To the Federal, State and Municipal Authorities of the State of Quintana Roo

To the State Human Rights Commission

To the National Human Rights Commission

To the Authorities of El Salvador

To Franciscans International

To all people of good faith

The Franciscan Network on Migration from the US – Mexico – Central America, firmly repudiates the events that occurred on March 27 of this year in the Tumbe Ka neighborhood of Tulum, Quintana Roo, Mexico. In the aforementioned incident, elements of the municipal public security patrol handcuffed and subdued Victoria Esperanza Salazar Arriaza, originally from El Salvador, who at the time of the events, was in Mexican territory with her two youngest daughters, as refugees.

During her arrest, Victoria Esperanza Salazar Arriaza was murdered by elements of the municipal public security forces. After her death, fractures were found on the first and second vertebrae of her spine, a fact that not only indicates the excessive use of physical force to which she was subjected, but also exposes the visible and invisible systematic violence experienced in Mexico. Violence brought about by immigration policies applied by the Military and the National Guard in the eleven border points of Mexican territory, thereby exacerbating racism and xenophobia on the part of the authorities at all three levels of government: municipal, state and federal. 

Victoria’s case is not isolated. Thousands of migrant women fleeing violence in their countries of origin paradoxically become victims of direct, structural, and symbolic violence in Mexican territory, making them a vulnerable group, making urgent the call for dignified care and respect for their human rights, in accordance with the law, as established in Article 1 of the Political Constitution of the United Mexican States and in various International Treaties signed and ratified by the Mexican State.
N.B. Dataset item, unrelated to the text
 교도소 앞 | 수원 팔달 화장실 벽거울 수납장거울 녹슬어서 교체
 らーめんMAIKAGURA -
With this in mind, we reject this femicide, which is fraught with xenophobia, racism and discrimination on the part of the police authorities. Migrants are not criminals, they are not a criminal threat; but in cases such as this one, they are victims of corrupt police and local governments. We join the call by her relatives in demanding justice — zero tolerance for impunity in this case, which has drawn attention and been publicized on social networks.

We demand from the Mexican authorities at all three levels:

  1. Respect for the human rights of each and every migrant regardless of their immigration status.
  2. Policies aimed at preventing and eliminating all types of discrimination and xenophobia by the authorities.
  3. The intervention of the Consulate of El Salvador and Mexican authorities, to provide protection to the daughters of Victoria Esperanza Salazar Arriaza, exposed to physical and psychological violence, where the best interests of minors prevail.
  4. To the Attorney General of Quintana Roo, the correct handling of the investigation file, with respect for due process, as well as reparation for damages and non-repetition of the violation of the human rights of migrants.
  5. In conformity with the rule of law, we strongly urge that victims be offered adequate reparation, including compensation, rehabilitation, and satisfaction (including restitution of reputation and public recognition of the damage suffered).
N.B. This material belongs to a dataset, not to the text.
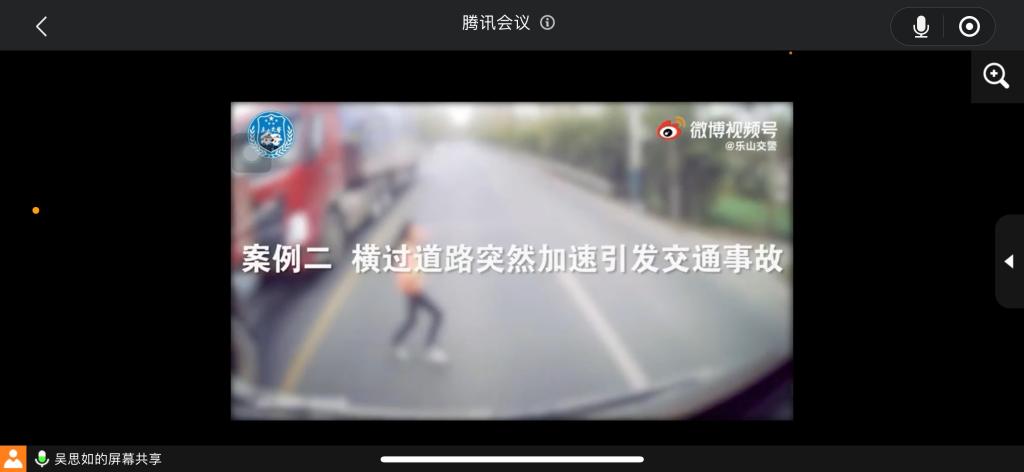 免费观看已满十八岁电视剧动漫版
Finally, as Franciscans, we commit ourselves to continue accompanying the journey of so many migrants, from where we serve as a “Samaritan” Church. Following the example of Saint Joseph, we will be guardians of those who are forced to migrate to other lands. We join the pain and indignation of the family, offering our prayer with tenderness and solidarity. These and so many other injustices challenge all of us who are disciples of Jesus, who seek to build a community as did Saint Francis and Saint Clare of Assisi.